Teachers cannot expect their eight and nine-year-olds to run a classroom PLC as formally as teachers do. However, there are a few things teachers can do to support age-appropriate peer problem solving:
Model and teach how to seek/provide help. Classrooms function following a teacher’s rules and policies. Without explicit teaching on how to support other learners, children will often just provide the answer for their peers when asked. It is important to model and teach how we want children to use helping skills early on based on what we deem appropriate in our unique classroom environments.
Create a class expectation for asking peers before a teacher. I have seen this done by using saying such as “ask three before me” with the implication being that students must ask three different peers for help before approaching the teacher. Often, this expectation means problems get solved without the teacher ever needing to get involved.

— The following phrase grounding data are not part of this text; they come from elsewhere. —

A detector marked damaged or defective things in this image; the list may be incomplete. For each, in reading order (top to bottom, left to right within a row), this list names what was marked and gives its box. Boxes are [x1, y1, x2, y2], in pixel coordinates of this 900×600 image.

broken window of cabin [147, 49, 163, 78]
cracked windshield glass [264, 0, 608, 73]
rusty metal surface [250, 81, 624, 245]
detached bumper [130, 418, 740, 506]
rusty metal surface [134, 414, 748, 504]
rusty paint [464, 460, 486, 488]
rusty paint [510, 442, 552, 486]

Classify skills that students need during a task as “ask a peer” or “ask a teacher” skills. For example, when teaching a lesson on writing an essay with text evidence to support a claim, a teacher may want to intervene if kids don’t understand how to find appropriate evidence. On the other hand, they may not want to spend their time helping to spell words or reminding students how to use quotation marks correctly—other students can help support these more basic skills.
If we set up expectations in our classrooms where children are expected to rely on one another for support, we can reduce learned helplessness in schools. Doing so creates a learning environment that mimics how our species has evolved to learn and helps prepare students for success in their adult lives. Seeking support from others is a critical skill in the 21st century. I don’t go right to the superintendent with all my questions, children shouldn’t always go right to the teacher.

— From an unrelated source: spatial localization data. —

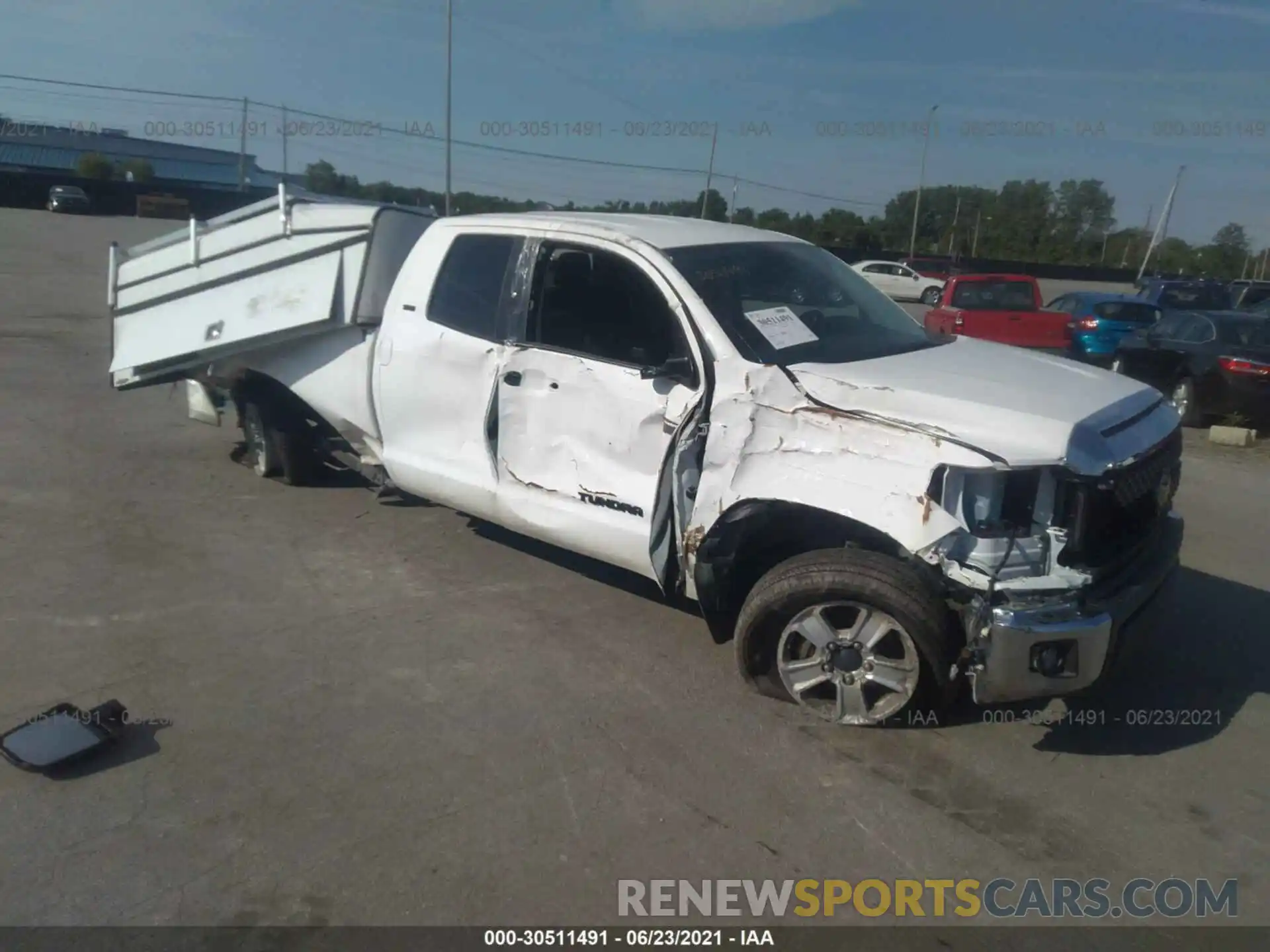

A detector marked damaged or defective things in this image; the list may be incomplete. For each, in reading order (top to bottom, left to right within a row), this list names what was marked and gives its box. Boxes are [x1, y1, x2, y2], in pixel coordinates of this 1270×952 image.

detached side mirror [640, 354, 698, 386]
missing front bumper [974, 513, 1180, 709]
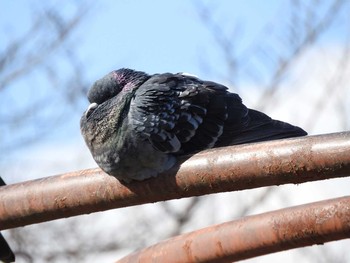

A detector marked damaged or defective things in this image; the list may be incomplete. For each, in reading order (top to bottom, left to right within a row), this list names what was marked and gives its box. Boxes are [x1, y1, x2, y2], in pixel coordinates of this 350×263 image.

rust on pipe [0, 133, 348, 230]
rusty metal pipe [0, 133, 350, 230]
rusty metal pipe [115, 197, 350, 262]
rust on pipe [116, 197, 350, 262]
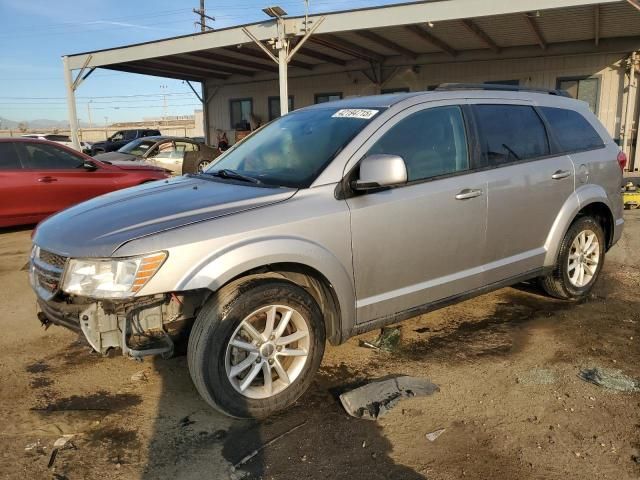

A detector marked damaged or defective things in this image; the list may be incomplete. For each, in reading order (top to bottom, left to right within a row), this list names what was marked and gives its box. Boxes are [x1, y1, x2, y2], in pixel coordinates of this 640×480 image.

exposed headlight assembly [62, 253, 168, 298]
damaged front bumper [36, 290, 201, 358]
broken plastic debris [358, 326, 402, 352]
broken plastic debris [338, 376, 438, 420]
broken plastic debris [576, 368, 636, 394]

Just as a teacher Professional Learning Community can thrive with a focus on shared teacher efficacy, a classroom can thrive with a focus on shared student efficacy. Children have evolved mechanisms to learn from peer-to-peer problem-solving. Let’s let them do just that! Maybe by doing so, I won’t feel the need to change my name by lunch!
References
Geary, D. C. (1995). Reflections of evolution and culture in children’s cognition. Implications for mathematical development and instruction. American Psychologist, 50, 24 –37.
Gray, P. (2011). The special value of children’s age-mixed play. American Journal of Play, 3 (4), 500-522.
Gray, P. (2013). Free to learn. New York, NY: Basic Books.
Salali, G.D., Chaudhary, N., Bouer, J. et al. Development of social learning and play in BaYaka hunter-gatherers of Congo. Sci Rep 9, 11080 (2019).
Vygotsky, L. S. (1978). Mind in society: The development of higher psychological processes. Harvard University Press.